When bid solicitations went out last year, they told interested parties that DARPA wanted three separate modules built. The first handles the transcription of spoken languages into text. The second is a translation module that can convert foreign text into English, and the third is a “distillation” engine that can answer questions and summarize information provided by the other two modules. While this technology would certainly be put to use by military personnel in the field, it is really designed for deployment in the US, where analysts are easily overwhelmed by the electronic information gathered by the intelligence community.
Most of this information simply goes untranslated, but if GALE is a success, the US government would have access to transcriptions of foreign broadcast news, talk shows, newspaper articles, blogs, e-mails, and telephone conversations. Even with the translation work done, though, this information would be overwhelming, which is why the distillation engine is such an important component of the product.
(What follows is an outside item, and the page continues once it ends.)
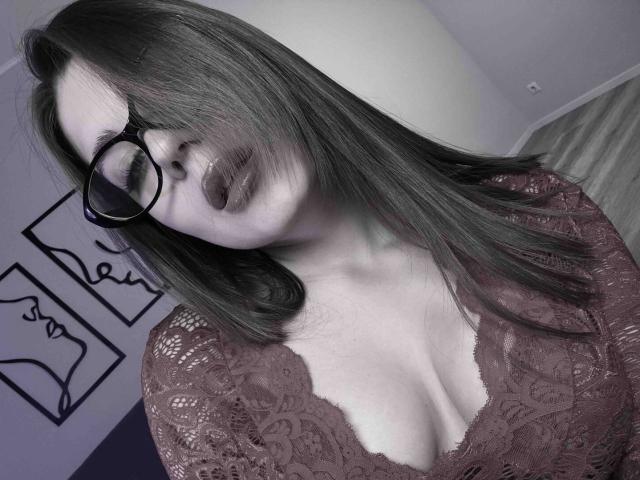 Photograph of BelleLovely, a white woman with long black hair, wearing black-framed glasses and a deep V-neck lace top that reveals ample cleavage. She looks down with a sultry expression.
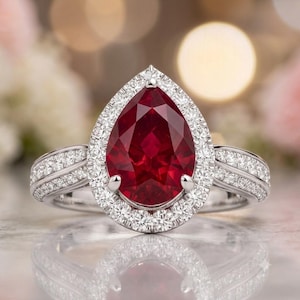 May include: A pear-shaped red gemstone ring set in a silver-toned metal band. The central red stone is surrounded by a halo of small white stones, with additional small white stones embedded along the split shank of the ring band.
The project, now more than one year old, has several teams of contractors competing with one another to develop the best software. Those companies are IBM, SRI International, and BBN Technologies, and they are supported by the Linguistic Data Consortium at the University of Pennsylvania. To remain in the program and continue to receive funding, each group must hit performance milestones; DARPA says that the transcription engine must be at least 65 percent accurate and the translation engine must be 75 percent accurate at the first milestone. The final milestone in the program is 95 percent accuracy in both modules.
The Associated Press recently took a look at the BBN team, which has 24 people working on the project. DARPA has already made clear that they will cut any team not meeting performance targets, which would automatically translate into job cuts at a company like BBN. “I cannot entertain that idea right now,” team leader John Makhoul told the AP. “It’s just so drastic that we just don’t think about it.”
As it happened, though, no one was cut after the first performance trials of the system, so research into GALE continues for all three firms. Though all were able to approach or exceed the initial targets, approaching 95 percent accuracy—even for casual discussion in noisy environments—remains a huge challenge. DARPA has a stated goal of “eliminating the need for linguists and analysts,” but that day may still be years away.